» EXERCISE DETAILS
Without the pictures, can you quote each line below exactly?
═══ MATERIAL PROVIDED
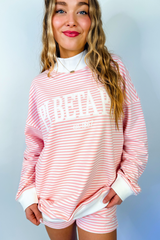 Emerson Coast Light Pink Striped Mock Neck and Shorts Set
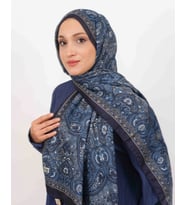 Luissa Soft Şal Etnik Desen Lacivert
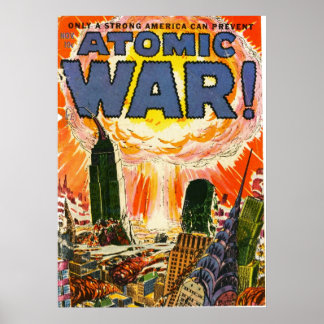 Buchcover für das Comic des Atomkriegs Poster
══════
» RESPONSE FOR THIS EXERCISE
 Emerson Coast Light Pink Striped Mock Neck and Shorts Set
 Luissa Soft Şal Etnik Desen Lacivert
 Buchcover für das Comic des Atomkriegs Poster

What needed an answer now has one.